**SUPPLIED DATA**
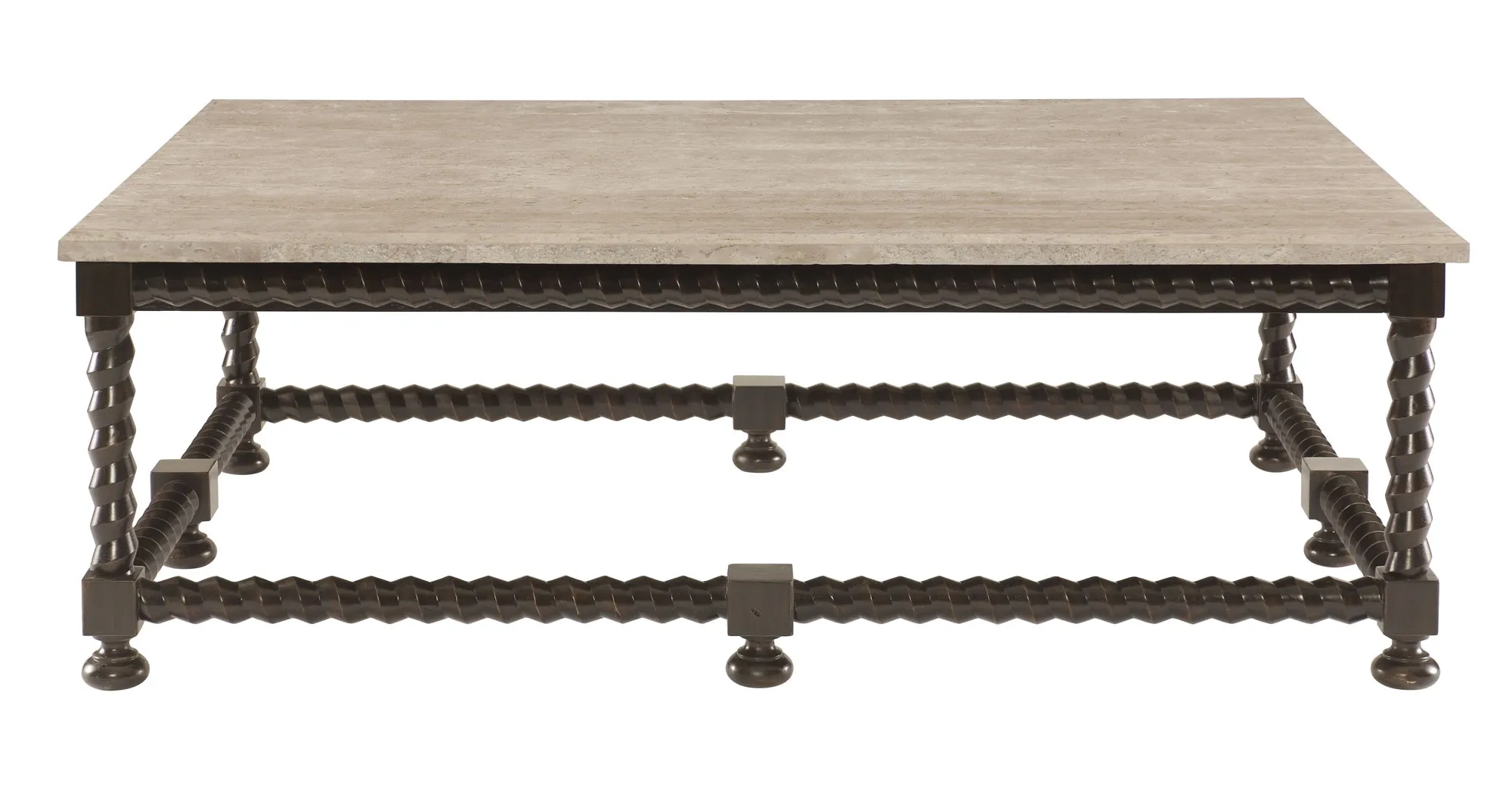 Cordova Cocktail Table 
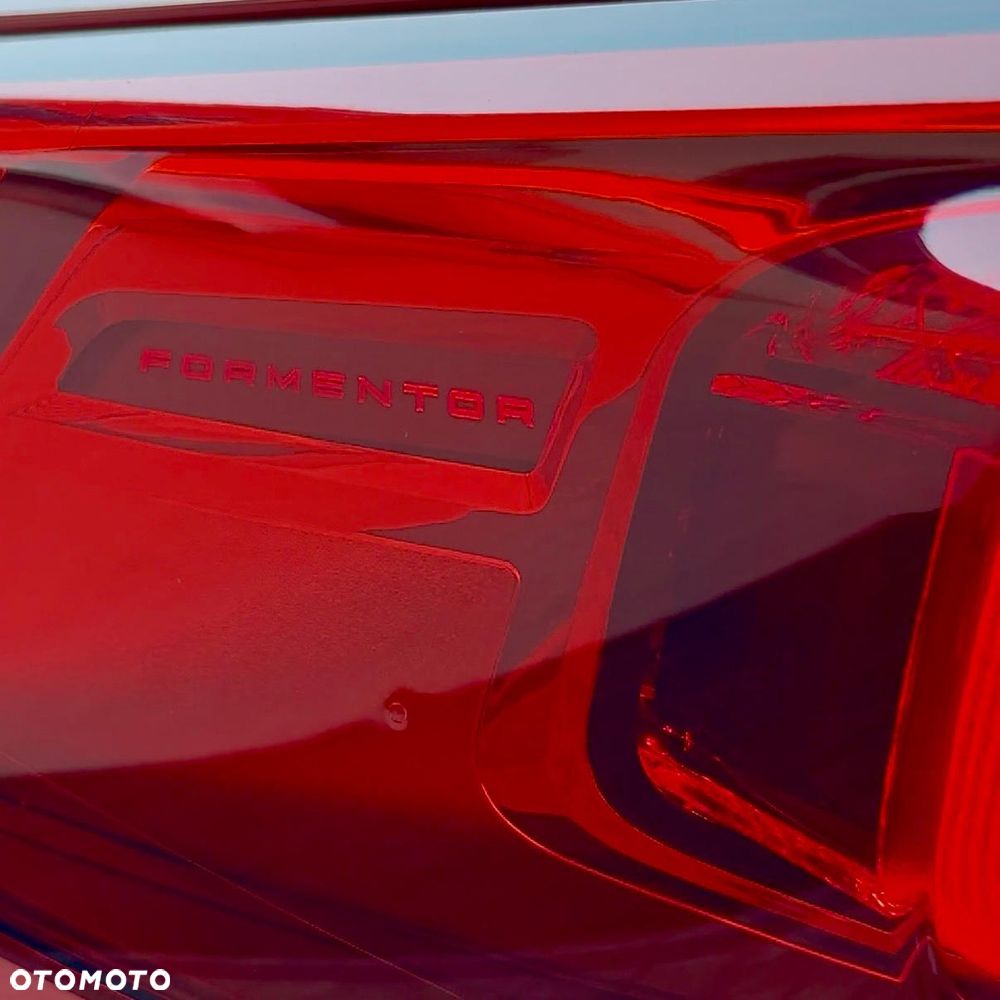 Cupra Formentor - 20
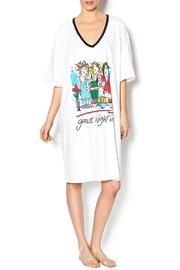  Sleep Shirt In A Bag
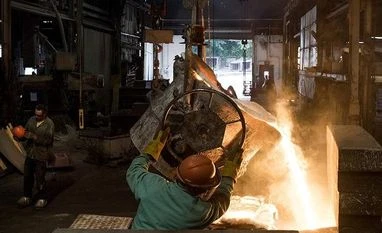 China factory activity expands at quickest pace since 2011 as demand surges Manufacturing, factory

**TASK TO COMPLETE**
Output the material word for word, omitting its pictures.

**TASK ANSWER**
 Cordova Cocktail Table 
 Cupra Formentor - 20
  Sleep Shirt In A Bag
 China factory activity expands at quickest pace since 2011 as demand surges Manufacturing, factory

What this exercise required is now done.